Wednesday, December 11, 2013

Reader Advice Day: Orthorexia Concerns for a Nutritarian


I received an e-mail last week that I really need to share with you, so here goes:

"Hello,

I wanted to let you know how much I love your blog and your photos!!

Here is my issue.........I suffer from major OCD/food anxiety. Since eating this way, 7 years ago, I have become so OCD about food. I think of nothing else. I have anxiety around food that I have never had before reading all of these plant based books. I obsess over salt, sugar, and oils. I want them then I don't, I want them, then I don't. Dr. Fuhrman especially makes me incredibly anxious. Have you ever heard of this or do you experience this?

Just as a side note, I am not over weight, I am only 110 lbs and 5'2, so that is not my issue. I eat this way because I have horrible skin and it keeps my skin decent, not perfect, but decent.

It gets so exhausting to be like this that some weeks I give up and just eat junk food vegan and then the next week I go back to strict nutritarian then I go to a more starch based diet, it is one big cycle of obsession. Any tips, thoughts, books, advice? You seem very balanced and I love that about your blog.

Thanks for everything!

P.S. Plus I am trying to feed a two year old and my husband is not on board with this way of eating so it is a constant battle, it adds to my anxiety. Sometimes I just wish I have never read all of this information. Ha!

Annie"

In case this is the first that you have heard of the term "Orthorexia," please take the time to read the Wikipedia definition here.

I'm going to propose that real Orthorexia is probably somewhat rare, but I really have no idea. What is probably more prevalent amongst readers of Healthy Girl's Kitchen is not full blown Orthorexia, but varied experiences with anxiety over food choices, either now or in their past.

I can only tell you what my experience has been, as I am not a professional.

I have obsessed about food since I can remember. My earliest obsessive food memories are from when I was about four years old. You can read my story here.

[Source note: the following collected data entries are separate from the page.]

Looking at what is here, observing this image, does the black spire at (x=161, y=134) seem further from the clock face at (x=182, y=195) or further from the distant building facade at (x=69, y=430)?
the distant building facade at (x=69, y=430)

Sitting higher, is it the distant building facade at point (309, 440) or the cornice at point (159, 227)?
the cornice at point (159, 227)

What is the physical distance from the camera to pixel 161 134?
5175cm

I am no stranger to this disorder. I remember when I was about twenty years old realizing that I woke up thinking about food and I went to bed thinking about food. What I was going to eat and when I was going to eat it was a major preoccupation for me for years.

Fast forward twenty years. I can tell you that I do not wake up thinking about food anymore, nor do I go to sleep thinking about it. The obsession is gone. I now think about food for three reasons:

(1) hunger
(2) meal planning for future meals/entertaining/blogging
(3) fun conversation about recipes with like minded people

My thoughts about food are no longer anxious thoughts. I believe this is because starting three years ago and for the first time in my life, I began eating enough fiber and nutrients that I am actually full--my belly is full of food and my cells are full of nutrition and energy.

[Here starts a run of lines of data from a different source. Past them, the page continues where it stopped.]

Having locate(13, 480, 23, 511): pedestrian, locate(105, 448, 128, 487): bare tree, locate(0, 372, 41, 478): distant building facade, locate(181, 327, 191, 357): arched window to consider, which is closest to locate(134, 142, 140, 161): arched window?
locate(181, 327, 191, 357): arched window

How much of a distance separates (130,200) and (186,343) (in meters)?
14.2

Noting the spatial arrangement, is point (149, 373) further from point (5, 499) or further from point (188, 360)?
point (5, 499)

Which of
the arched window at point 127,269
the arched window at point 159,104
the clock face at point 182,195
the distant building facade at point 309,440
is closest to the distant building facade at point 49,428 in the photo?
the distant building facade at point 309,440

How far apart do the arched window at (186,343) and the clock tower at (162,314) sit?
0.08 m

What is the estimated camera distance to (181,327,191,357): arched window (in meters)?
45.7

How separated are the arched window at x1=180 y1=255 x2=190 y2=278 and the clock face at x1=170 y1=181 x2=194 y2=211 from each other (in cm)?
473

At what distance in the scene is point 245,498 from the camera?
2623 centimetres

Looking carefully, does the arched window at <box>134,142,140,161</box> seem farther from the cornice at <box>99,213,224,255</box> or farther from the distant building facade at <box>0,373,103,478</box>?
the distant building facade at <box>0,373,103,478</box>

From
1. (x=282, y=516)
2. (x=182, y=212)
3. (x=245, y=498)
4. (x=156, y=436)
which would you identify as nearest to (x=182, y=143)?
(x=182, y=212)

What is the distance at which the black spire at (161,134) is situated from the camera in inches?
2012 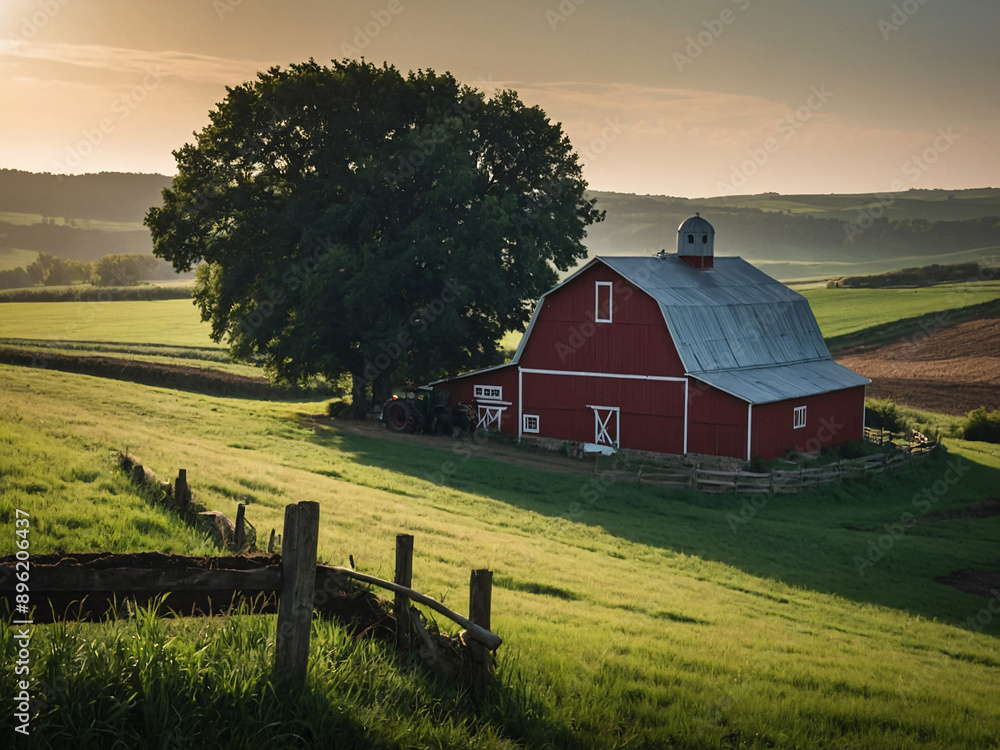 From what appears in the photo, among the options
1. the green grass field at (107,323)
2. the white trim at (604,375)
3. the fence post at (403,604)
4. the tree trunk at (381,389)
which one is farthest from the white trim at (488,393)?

I have struggled tremendously over those three years with how "perfect" my plant based diet is. Am I Plant Strong? Am I Plant Perfect? Should I try to be Plant Perfect? I've tried and failed too many times to count.

I'm not getting any younger. At some point being kind to myself became far more important than beating the crap out of myself (and that includes at the gym). That realization came with a ton of personal and spiritual work and self reflection. I know that I am doing very well by my body--better than most Americans, and I need to be okay with imperfection.

If the thoughts that you are having about food are causing you anxiety, get help. From a professional, from books, and from communities on the internet that feel good to you. Try JL's website Stop Chasing Skinny.


For lack of a different metaphor, when you die and you are standing at the gates of Heaven, do you think God is going to ask you if you ate a perfect diet? Or how big were your muscles when you were alive? How small was your stomach? Your thighs? Or how much did you weigh when you were 35 or 45 or 55?

We all need to put this food/healthy eating thing into perspective and make sure that the place that food and nutrition occupies in our life is the correct one. There are far more meaningful things to put our attention on than whether or not our diet is "perfect." Love, laughter, performing acts of kindness, smiling at others--these things are at least as good for our overall well being than eating a "perfect" diet (if there even is such a thing!). Try making a list for yourself of what those things are for you. Read them every morning and every night.

And good luck. We are here for you.

Do you now or have you ever suffered from Orthorexia or any level of anxiety/obsession over your food choices? How do you maintain balance with your thoughts and attention?